#### Source data:
+ + + +
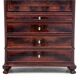 Ancient secretary, Northern Europe, circa 1860.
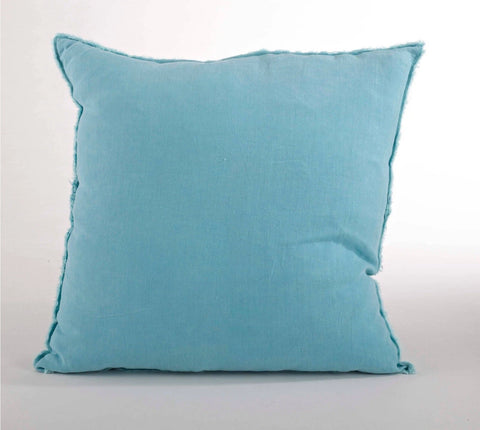 Saro Lifestyle Fringed Linen Decorative Pillow, 20" x 20" | Saro Lifestyle In Lebanon
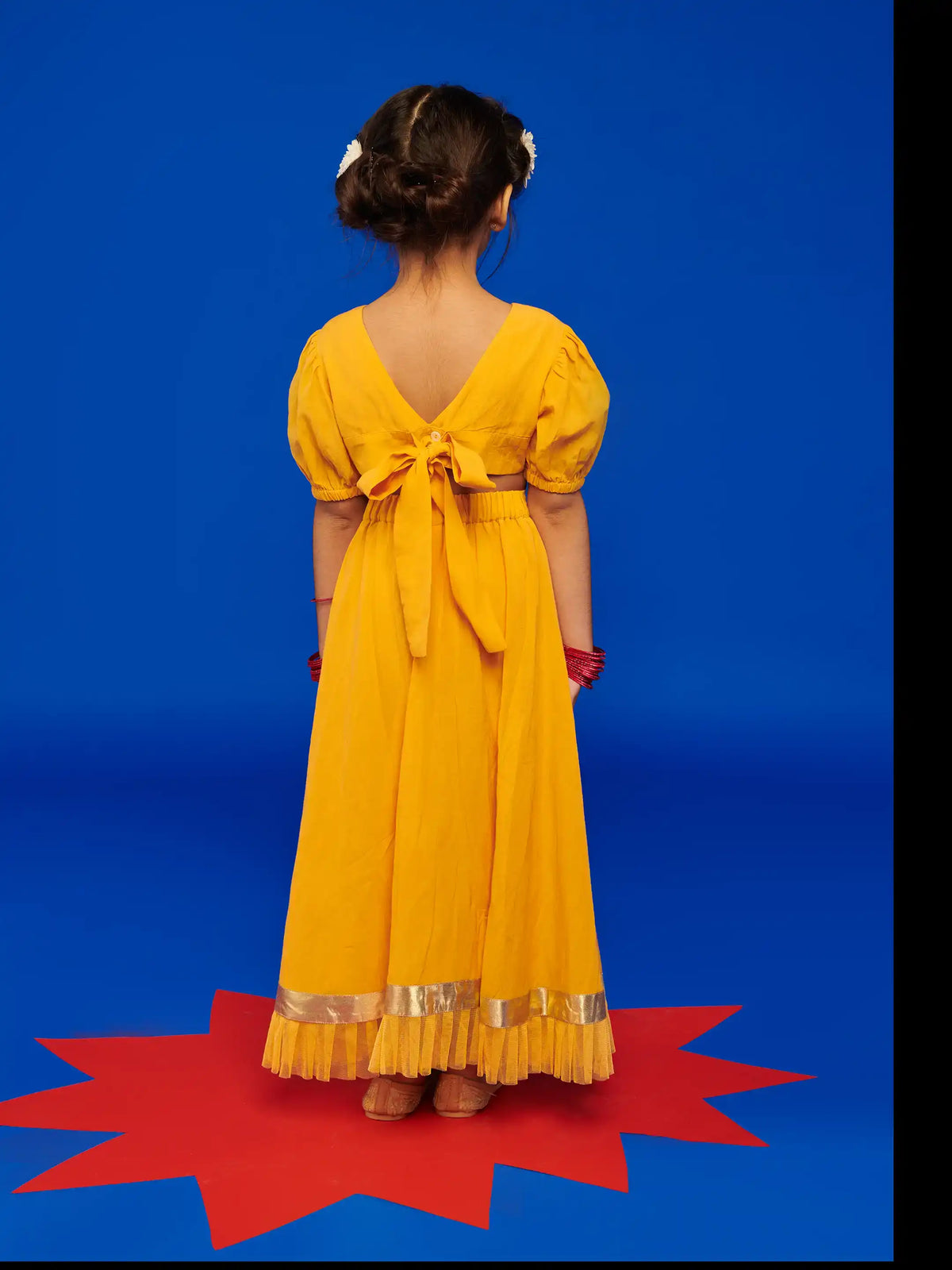 Kesari Top and Flare Skirt Set Somersault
+ + + +
#### Task requirements:
Each line above should be returned exactly as it stands, minus any pictures.

#### Output below:
 Ancient secretary, Northern Europe, circa 1860.
 Saro Lifestyle Fringed Linen Decorative Pillow, 20" x 20" | Saro Lifestyle In Lebanon
 Kesari Top and Flare Skirt Set Somersault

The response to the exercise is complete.